Author Date

2024-03-08

Degree Name

Department

Chemistry and Biochemistry

College

Physical and Mathematical Sciences

Defense Date

2024-02-20

Publication Date

2024-03-08

First Faculty Advisor

Kenneth Christensen, BYU

First Faculty Reader

Sarah Woodson, JHU

Honors Coordinator

Walter Paxton, BYU

Keywords

Huntington's Disease, optical tweezers

Abstract

Huntington’s Disease is characterized by an extended (CAG)n repeat found in the huntingtin (Htt) gene. While the typical human contains 6-20 CAG repeats, people with over 36 repeats manifest symptoms of the disease. The extended CAG repeats allow the Htt pre-mRNA transcript to form a hairpin loop structure which can sequester certain vital proteins such as Muscleblind like protein 1 (MBNL1), hindering their functional role. Further understanding the structure of the MBNL1-RNA complex is possible through force spectroscopy, or “optical tweezers”, applied on the single molecule level. Force spectroscopy generates force versus distance plots for individual RNA molecules, revealing the dynamic “slipping” action of the hairpin, in which the hairpin shifts by 3 base pairs.
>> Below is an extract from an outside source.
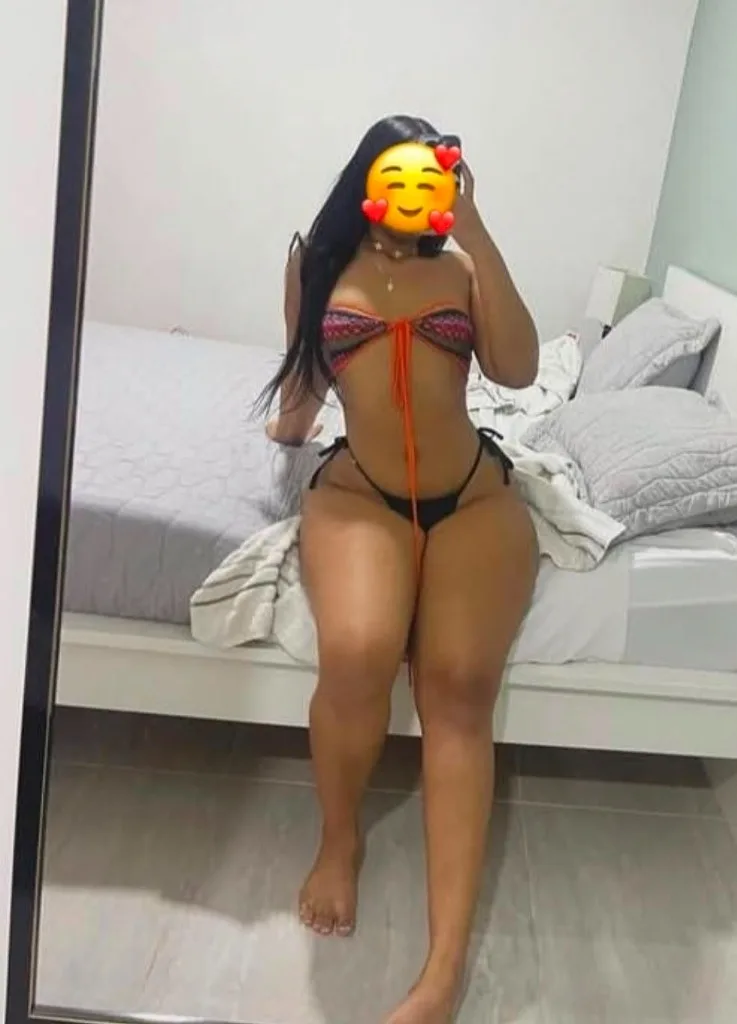 Available now - Photo 2 | Escort in w airport Fwy
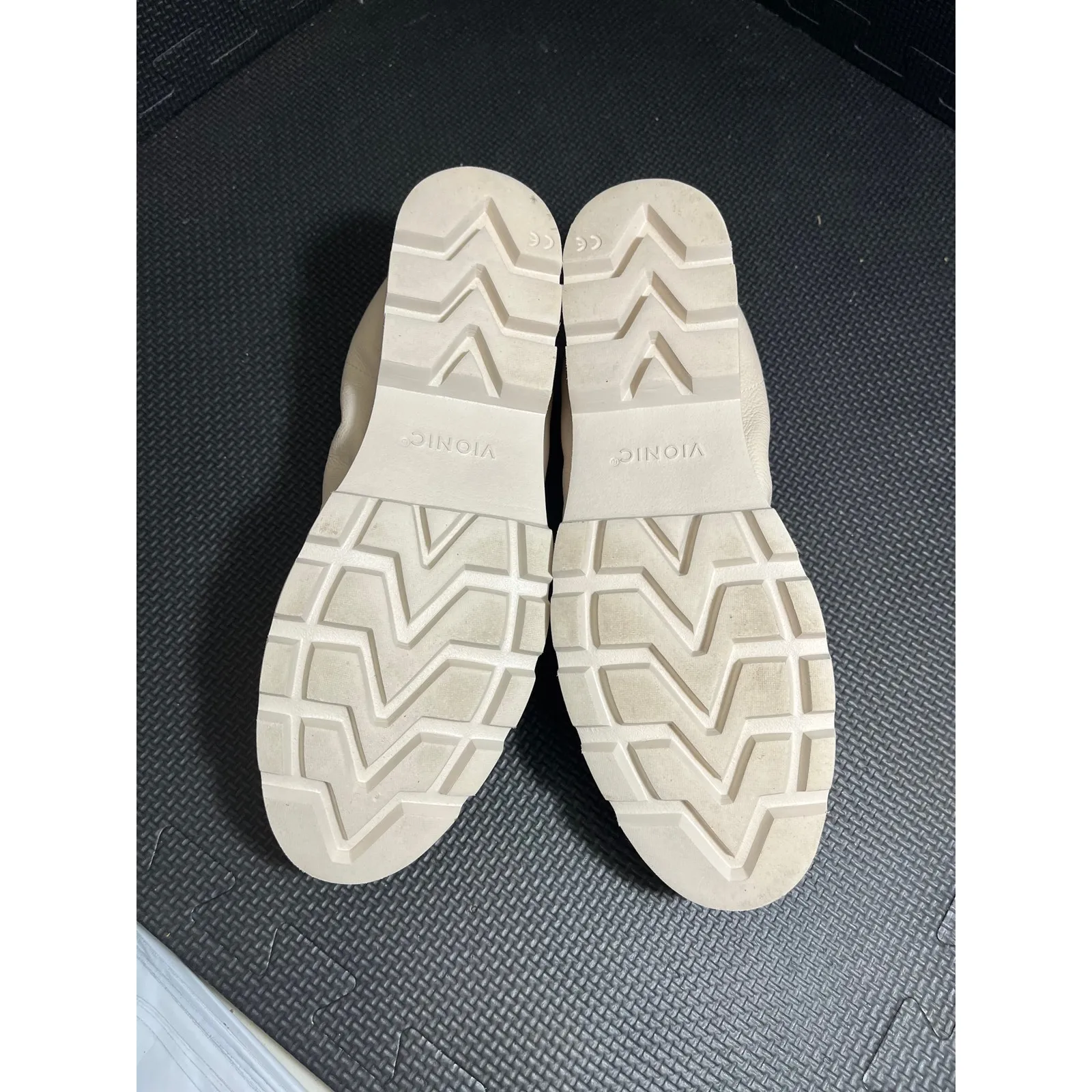 Vionic Charm Cynthia Lug Sole Slip Cream Loafers Leather Shoes Womens Size 7.5 - Image 5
Force spectroscopy assays have not been performed on the MBNL1-RNA complex, or on MBNL1-RNA treated with D6, a DAPI derivative that can intercalate into the RNA hairpin thought to be a potential small molecule treatment for HD. We aim to understand the structures of these complexes and the kinetics of their formation, in the hopes of unveiling potential avenues for developing novel treatments for Huntington’s disease and other trinucleotide repeat expansion diseases.